Exercise prompt:
Going through the material below, output exactly the lines from the one containing "A hotel room" through the one containing "A classic bedroom", and no pictures.

Material supplied:
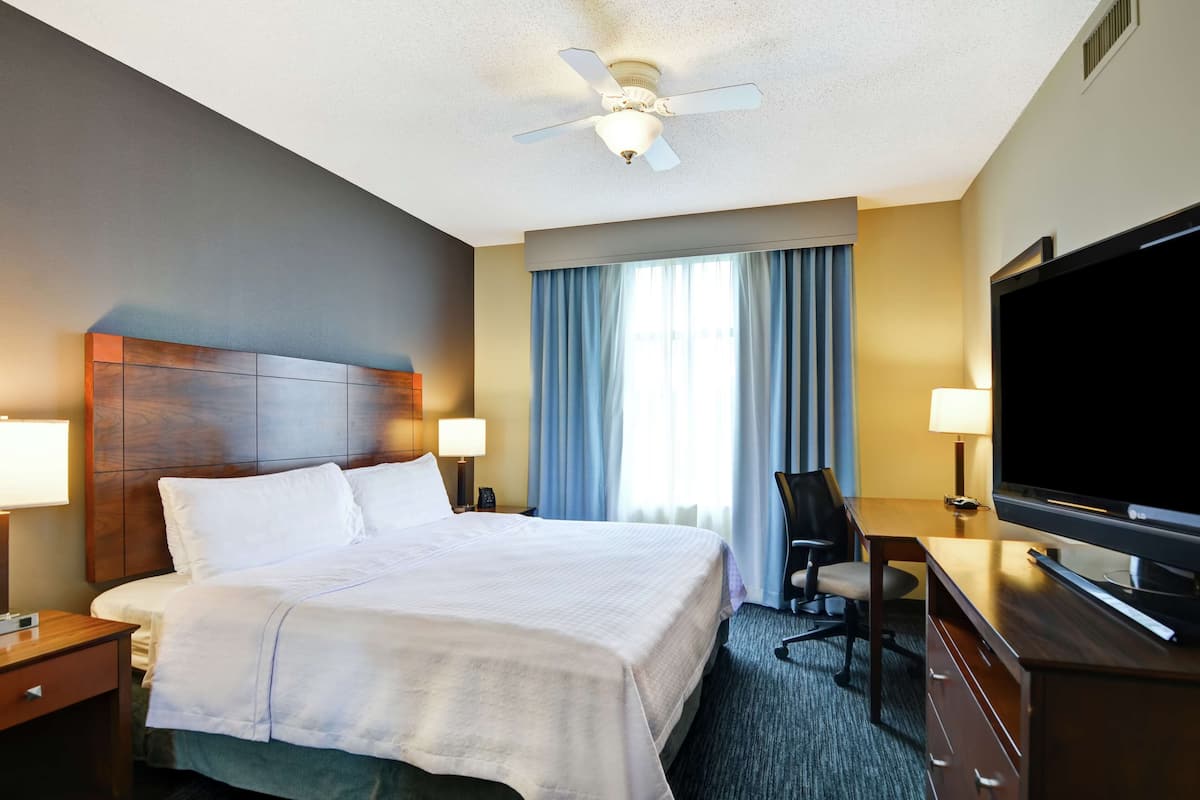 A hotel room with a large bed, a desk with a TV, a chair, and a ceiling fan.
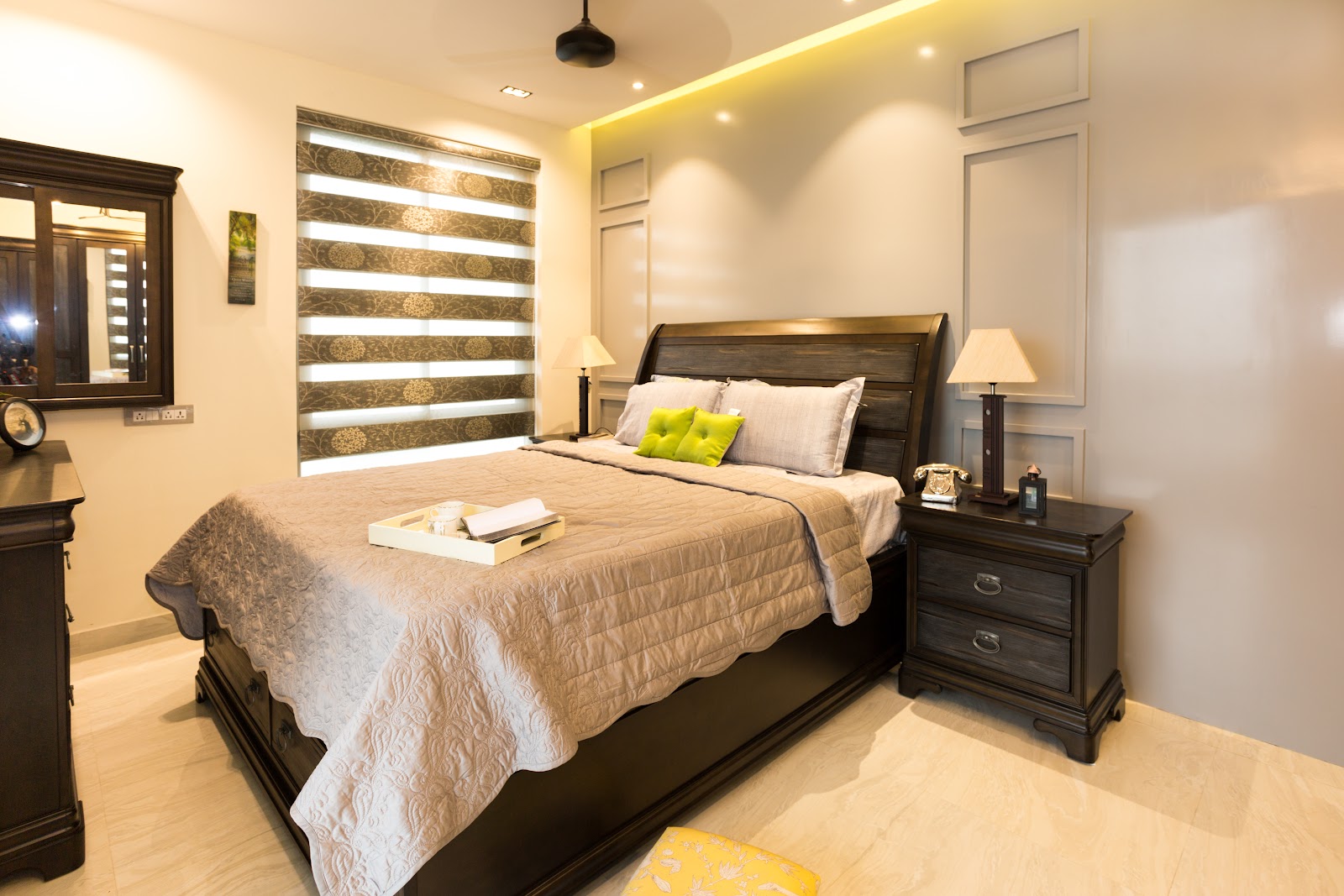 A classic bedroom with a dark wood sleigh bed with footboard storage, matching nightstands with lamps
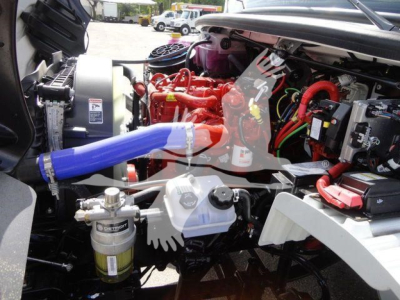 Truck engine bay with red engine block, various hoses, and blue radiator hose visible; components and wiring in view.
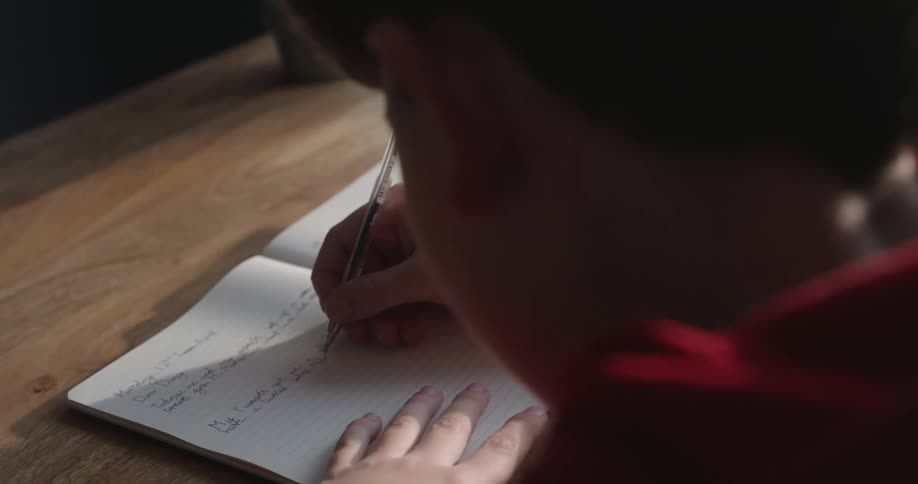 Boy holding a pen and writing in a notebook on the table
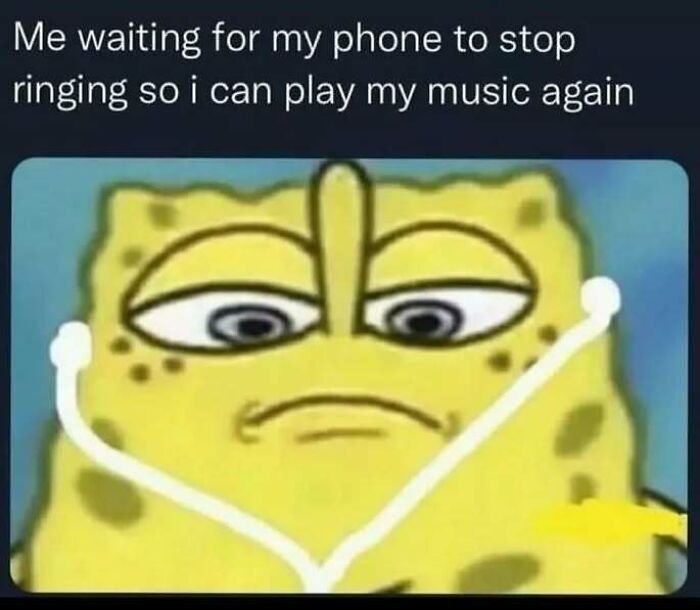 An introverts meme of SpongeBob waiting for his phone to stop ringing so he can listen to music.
* * *
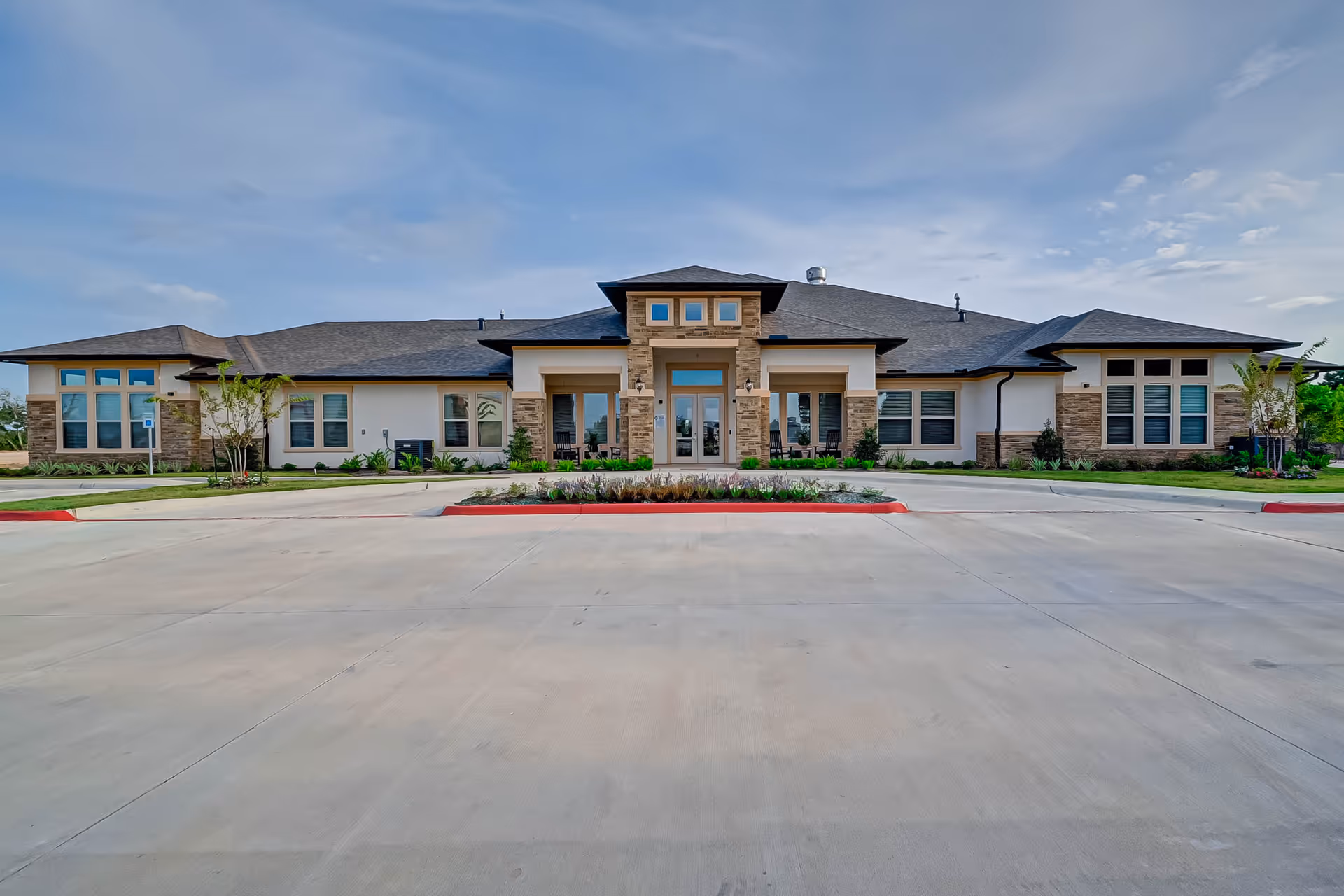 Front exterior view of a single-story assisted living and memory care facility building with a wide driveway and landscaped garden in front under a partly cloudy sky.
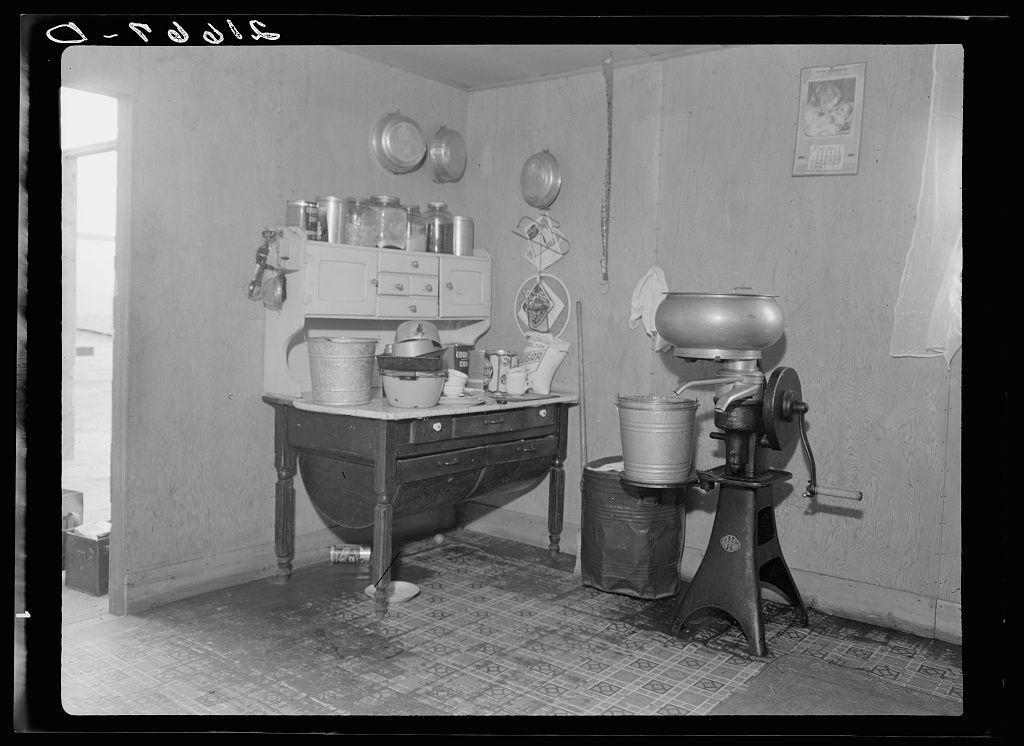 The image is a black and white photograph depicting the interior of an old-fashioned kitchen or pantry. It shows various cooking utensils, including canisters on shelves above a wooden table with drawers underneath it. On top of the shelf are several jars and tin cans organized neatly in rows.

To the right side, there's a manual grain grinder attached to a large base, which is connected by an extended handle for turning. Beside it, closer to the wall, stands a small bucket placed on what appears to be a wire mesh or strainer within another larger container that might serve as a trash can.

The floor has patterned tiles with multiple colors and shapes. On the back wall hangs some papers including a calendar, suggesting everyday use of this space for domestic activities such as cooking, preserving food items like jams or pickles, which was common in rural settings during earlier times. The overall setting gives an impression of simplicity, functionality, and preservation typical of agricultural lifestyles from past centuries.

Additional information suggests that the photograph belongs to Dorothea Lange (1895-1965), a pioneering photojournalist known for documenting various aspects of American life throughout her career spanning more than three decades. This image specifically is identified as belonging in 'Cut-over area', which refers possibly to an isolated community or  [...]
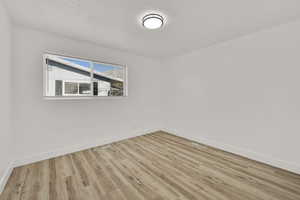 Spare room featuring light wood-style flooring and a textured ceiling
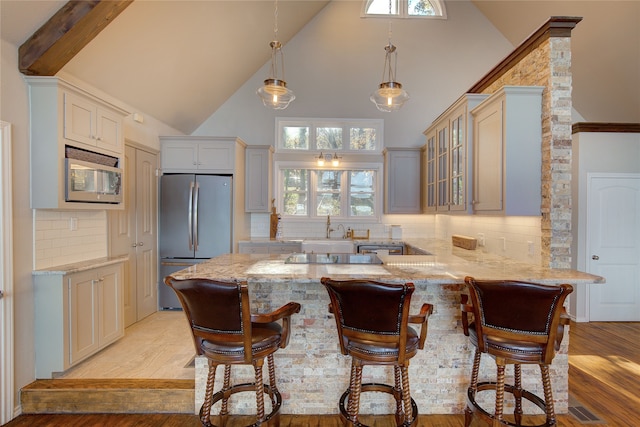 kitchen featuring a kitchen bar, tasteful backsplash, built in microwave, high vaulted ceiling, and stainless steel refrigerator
==
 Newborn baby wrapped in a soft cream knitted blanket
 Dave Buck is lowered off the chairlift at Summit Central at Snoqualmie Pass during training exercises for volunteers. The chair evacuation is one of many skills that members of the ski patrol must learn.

Answer below:
 A hotel room with a large bed, a desk with a TV, a chair, and a ceiling fan.
 A classic bedroom with a dark wood sleigh bed with footboard storage, matching nightstands with lamps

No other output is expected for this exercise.